» **Problem details**: Locate the line that contains "[下载][大经堂枫木墩洪氏宗". Reproduce it and all following lines up to the end of the material, exactly and with nothing added.

» **Working data**:
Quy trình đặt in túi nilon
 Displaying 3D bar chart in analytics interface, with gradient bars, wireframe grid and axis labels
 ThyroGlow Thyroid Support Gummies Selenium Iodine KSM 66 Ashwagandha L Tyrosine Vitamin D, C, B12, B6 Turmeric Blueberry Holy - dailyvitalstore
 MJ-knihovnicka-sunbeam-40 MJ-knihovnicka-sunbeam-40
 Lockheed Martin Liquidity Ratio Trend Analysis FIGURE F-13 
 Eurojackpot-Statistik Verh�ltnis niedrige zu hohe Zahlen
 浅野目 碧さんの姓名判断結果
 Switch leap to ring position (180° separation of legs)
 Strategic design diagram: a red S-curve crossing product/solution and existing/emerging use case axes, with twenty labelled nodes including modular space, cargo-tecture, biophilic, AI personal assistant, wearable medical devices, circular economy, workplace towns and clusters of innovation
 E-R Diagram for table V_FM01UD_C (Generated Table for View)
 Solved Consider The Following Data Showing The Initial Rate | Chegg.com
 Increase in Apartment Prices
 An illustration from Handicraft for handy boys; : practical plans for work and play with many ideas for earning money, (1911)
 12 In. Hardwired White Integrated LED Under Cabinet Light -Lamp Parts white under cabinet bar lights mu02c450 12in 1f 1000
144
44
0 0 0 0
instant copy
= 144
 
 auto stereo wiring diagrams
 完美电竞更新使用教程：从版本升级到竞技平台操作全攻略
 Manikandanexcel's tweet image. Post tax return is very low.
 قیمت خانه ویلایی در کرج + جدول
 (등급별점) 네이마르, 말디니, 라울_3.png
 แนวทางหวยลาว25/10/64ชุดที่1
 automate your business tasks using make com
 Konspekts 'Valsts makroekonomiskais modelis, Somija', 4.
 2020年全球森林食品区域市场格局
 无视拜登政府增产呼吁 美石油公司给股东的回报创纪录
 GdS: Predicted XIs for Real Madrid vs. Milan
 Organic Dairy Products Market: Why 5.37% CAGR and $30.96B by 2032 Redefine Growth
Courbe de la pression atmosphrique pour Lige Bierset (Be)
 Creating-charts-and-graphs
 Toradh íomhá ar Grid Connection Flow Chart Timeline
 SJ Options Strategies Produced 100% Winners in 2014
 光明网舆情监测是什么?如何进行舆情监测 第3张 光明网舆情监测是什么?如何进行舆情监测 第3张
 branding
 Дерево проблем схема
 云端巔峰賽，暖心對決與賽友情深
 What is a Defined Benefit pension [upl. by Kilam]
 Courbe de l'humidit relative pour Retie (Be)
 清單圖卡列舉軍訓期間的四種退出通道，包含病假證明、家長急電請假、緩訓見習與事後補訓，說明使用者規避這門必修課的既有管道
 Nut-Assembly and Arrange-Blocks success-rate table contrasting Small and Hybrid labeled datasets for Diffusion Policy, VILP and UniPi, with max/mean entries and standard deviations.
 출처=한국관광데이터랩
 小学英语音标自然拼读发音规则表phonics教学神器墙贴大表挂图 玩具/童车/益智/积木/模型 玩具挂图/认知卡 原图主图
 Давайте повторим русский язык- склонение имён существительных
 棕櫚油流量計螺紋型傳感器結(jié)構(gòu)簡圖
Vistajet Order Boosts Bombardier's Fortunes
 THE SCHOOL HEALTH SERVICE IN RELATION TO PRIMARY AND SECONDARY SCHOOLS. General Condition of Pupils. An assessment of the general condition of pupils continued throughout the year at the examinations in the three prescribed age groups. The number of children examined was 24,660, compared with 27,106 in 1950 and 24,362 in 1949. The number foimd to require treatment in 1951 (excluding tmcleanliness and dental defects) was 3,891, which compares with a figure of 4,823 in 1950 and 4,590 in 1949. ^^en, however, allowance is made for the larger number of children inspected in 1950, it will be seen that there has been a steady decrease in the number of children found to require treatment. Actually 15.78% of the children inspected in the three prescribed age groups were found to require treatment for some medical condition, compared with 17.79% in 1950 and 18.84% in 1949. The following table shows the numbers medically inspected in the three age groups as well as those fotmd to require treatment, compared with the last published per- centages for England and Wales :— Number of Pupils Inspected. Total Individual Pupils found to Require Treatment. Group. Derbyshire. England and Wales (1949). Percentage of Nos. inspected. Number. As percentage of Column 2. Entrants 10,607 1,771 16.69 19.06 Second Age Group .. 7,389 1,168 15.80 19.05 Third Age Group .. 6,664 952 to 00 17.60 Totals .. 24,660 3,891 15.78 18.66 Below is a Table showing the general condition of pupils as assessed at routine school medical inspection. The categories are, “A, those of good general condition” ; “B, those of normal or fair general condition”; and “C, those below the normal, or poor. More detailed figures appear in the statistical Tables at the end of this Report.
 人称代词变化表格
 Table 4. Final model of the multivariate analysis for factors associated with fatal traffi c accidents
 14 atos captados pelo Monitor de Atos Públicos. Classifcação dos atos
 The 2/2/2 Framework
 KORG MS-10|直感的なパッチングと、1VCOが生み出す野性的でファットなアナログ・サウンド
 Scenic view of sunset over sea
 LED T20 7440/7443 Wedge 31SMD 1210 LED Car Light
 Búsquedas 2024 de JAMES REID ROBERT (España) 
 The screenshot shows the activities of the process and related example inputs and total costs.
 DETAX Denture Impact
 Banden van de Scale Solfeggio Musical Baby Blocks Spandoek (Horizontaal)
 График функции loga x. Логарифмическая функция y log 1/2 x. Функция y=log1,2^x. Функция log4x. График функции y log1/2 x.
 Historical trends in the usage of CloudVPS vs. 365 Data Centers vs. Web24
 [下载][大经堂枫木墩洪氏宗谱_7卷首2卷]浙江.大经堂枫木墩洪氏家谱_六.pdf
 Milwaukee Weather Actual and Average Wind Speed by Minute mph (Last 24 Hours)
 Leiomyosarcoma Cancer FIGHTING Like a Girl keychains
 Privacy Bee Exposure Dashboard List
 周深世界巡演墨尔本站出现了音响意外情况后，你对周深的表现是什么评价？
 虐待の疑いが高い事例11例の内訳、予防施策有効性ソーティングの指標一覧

» **Expected answer**:
 [下载][大经堂枫木墩洪氏宗谱_7卷首2卷]浙江.大经堂枫木墩洪氏家谱_六.pdf
 Milwaukee Weather Actual and Average Wind Speed by Minute mph (Last 24 Hours)
 Leiomyosarcoma Cancer FIGHTING Like a Girl keychains
 Privacy Bee Exposure Dashboard List
 周深世界巡演墨尔本站出现了音响意外情况后，你对周深的表现是什么评价？
 虐待の疑いが高い事例11例の内訳、予防施策有効性ソーティングの指標一覧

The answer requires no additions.